Prior to New Year’s Day, Cardiff City were the only Premier League opponent who Harry Kane had failed to score against. It took the Tottenham Hotspur striker just two minutes and 21 seconds to add the Bluebirds to a list which now features 28 clubs, as Kane’s early effort set Mauricio Pochettino’s men on their way to a comfortable 3-0 victory.
There was an element of good fortune to the opening goal of the game, the ball ricocheting off Kane’s body and creeping past Cardiff goalkeeper Neil Etheridge. The Spurs man had played a key role in the start of the move, however, collecting possession on the halfway line, expertly turning away from Aron Gunnarsson and then racing into the box to get on the end of Kieran Trippier’s cross.
That was Kane’s 14th goal of the season, drawing him level with Arsenal’s Pierre-Emerick Aubameyang at the top of the Premier League scoring charts. The England international has proven in the last few months that he is far more than just a goalscorer, though, something which was again in evidence in south Wales on Tuesday.
Kane regularly played as a withdrawn striker during his ascension through the youth ranks at White Hart Lane, and although he possesses a fantastic scoring rate over a number of seasons it would be wrong to consider the Spurs man as an out-and-out goal-getter and nothing more.

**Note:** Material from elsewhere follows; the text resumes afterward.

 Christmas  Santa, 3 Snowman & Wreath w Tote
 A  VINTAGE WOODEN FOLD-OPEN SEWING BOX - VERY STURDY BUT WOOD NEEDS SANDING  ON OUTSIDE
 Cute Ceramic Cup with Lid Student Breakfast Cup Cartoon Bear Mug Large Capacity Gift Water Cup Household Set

Kane is arguably the world’s most rounded centre-forward at present, with his performances in 2018/19 featuring even more of a creative element than those seen in previous campaigns.
As well as his contribution in the build-up to his own goal against Cardiff, Kane also played a part in Christian Eriksen and Son Heung-min’s strikes. For the former, scored in the 12th minute, he instigated the move by releasing Moussa Sissoko down the right flank with a wonderful pass; for the latter, it was Kane’s first-time ball which set up Son for his eighth goal of 2018/19.
There were numerous other examples of Kane dropping deep to pick up possession, including one occasion midway through the first half when centre-back duo Toby Alderweireld and Davinson Sanchez were the only Spurs players closer to their own goal than the striker. With Son also fielded up top in a 4-4-2 diamond formation and Sissoko and Alli afforded the license to make runs beyond the centre-forward from midfield, Kane was encouraged to drift away from the opposition centre-backs and make things happen outside the box.
Strikers will always be judged by their goal return before anything else, but Kane’s willingness to contribute elsewhere has barely harmed his efficiency inside the penalty area. He took a total of six shots on Tuesday – at least three more than any other player on the pitch – and is averaging 3.3 per match this term, a drop on last season’s tally of 5 but still the fourth highest rate in the top flight. He has also provided four assists since the campaign began – two more than he managed in the entirety of 2017/18 – and is averaging 20 passes per game, 2.2 more than last time out.
Kane may be the Premier League’s joint-top goalscorer, but there is so much more to his game than simply putting the ball in the back of the net.